TASK BRIEF: A line below contains "Gioco Toynado", and a later one contains "Breathable Mesh Loafers". Repeat both, with every line between them, exactly.

Data excerpts:
========================================================================

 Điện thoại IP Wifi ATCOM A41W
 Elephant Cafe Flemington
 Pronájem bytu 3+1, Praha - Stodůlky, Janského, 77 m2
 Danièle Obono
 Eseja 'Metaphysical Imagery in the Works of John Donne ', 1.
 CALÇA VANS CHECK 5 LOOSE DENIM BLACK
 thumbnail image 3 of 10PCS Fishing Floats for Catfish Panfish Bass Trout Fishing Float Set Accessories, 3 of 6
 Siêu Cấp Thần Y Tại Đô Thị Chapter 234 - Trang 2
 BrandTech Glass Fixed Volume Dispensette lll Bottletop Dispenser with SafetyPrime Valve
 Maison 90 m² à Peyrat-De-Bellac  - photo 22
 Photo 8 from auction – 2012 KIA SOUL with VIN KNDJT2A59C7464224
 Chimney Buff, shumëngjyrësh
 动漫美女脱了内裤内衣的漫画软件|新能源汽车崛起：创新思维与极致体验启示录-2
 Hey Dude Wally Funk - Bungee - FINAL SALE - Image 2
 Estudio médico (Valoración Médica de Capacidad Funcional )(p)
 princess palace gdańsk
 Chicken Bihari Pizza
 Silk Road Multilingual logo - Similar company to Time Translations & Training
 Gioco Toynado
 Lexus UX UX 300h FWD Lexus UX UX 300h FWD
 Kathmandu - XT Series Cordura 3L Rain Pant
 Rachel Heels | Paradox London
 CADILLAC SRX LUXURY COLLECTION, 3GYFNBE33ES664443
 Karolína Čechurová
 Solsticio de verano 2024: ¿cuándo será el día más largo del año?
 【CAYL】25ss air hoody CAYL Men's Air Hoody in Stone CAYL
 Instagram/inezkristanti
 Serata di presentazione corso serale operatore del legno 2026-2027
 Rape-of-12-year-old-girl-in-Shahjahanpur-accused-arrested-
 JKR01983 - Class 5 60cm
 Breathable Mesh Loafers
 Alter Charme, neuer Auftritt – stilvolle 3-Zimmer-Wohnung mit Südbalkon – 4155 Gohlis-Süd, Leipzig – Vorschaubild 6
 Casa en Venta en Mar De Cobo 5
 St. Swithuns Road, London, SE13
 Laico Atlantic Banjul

========================================================================

OUTPUT BELOW:
 Gioco Toynado
 Lexus UX UX 300h FWD Lexus UX UX 300h FWD
 Kathmandu - XT Series Cordura 3L Rain Pant
 Rachel Heels | Paradox London
 CADILLAC SRX LUXURY COLLECTION, 3GYFNBE33ES664443
 Karolína Čechurová
 Solsticio de verano 2024: ¿cuándo será el día más largo del año?
 【CAYL】25ss air hoody CAYL Men's Air Hoody in Stone CAYL
 Instagram/inezkristanti
 Serata di presentazione corso serale operatore del legno 2026-2027
 Rape-of-12-year-old-girl-in-Shahjahanpur-accused-arrested-
 JKR01983 - Class 5 60cm
 Breathable Mesh Loafers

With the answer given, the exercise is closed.